Eppure, dopo tanti decenni e le tecnologie, lei dice che è rimasto uno strumento imperfetto.

"Certo. Perché non riusciamo a dominarlo, non ci asseconda, sono troppe le variabili che partecipano al gioco. Me ne sono accorto in questi giorni di continue presentazioni del libro, e quindi di incontri con le persone dove dovrei sfoggiare un viso da situazione mondana. Poi subentra la stanchezza, il viaggio, e il mio viso, proprio quando mi servirebbe perfetto, non lo è. Occhiaie, pelle con imperfezioni.
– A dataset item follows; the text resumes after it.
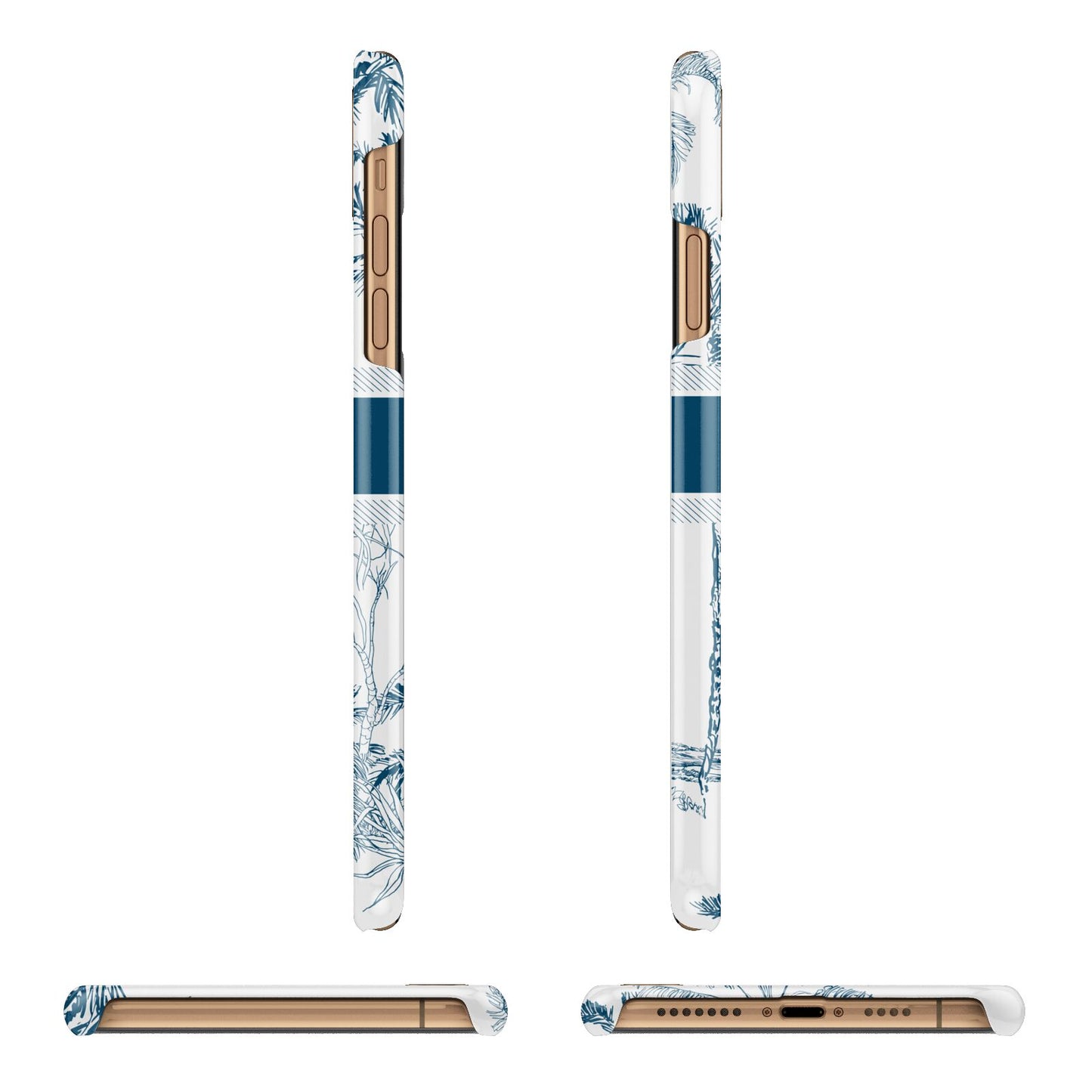 Personalised Tropical Toile Apple iPhone Xs Max 3D Wrap Snap Case Angled Images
È un oggetto che si trasforma a una velocità incredibile…".

Lei apre il libro con un singolare ricordo personale.

"Sì, mia madre ha una sorella gemella ed è impossibile, se non per i parenti stretti riconoscerle, sono identiche. Dovendo fare il passaporto scelse di mettere sul documento la foto della sorella, quindi di farsi rappresentare da un’altra persona. E quel passaporto l’ha accompagnata a lungo, attraverso le frontiere internazionali".

E che motivazioni addusse sua madre?

"Non era una donna vanitosa, anzi. Ma era fermamente convinta che quel ‘non ritratto’ comunicasse meglio la sua personalità. Un viso per un altro, un piccolo gioco".

Tra le tante storie che lei racconta nel libro, quale descrive meglio il potere del volto?

"Sicuramente la vicenda dell’Imperatore Augusto, il primo uomo politico della storia che comprese l’importanza della comunicazione di massa, scegliendo l’effigie del suo volto che, riprodotta in marmo, lo avrebbe dovuto rappresentare in ogni angolo dell’impero. Una serialità che ha fatto scuola!".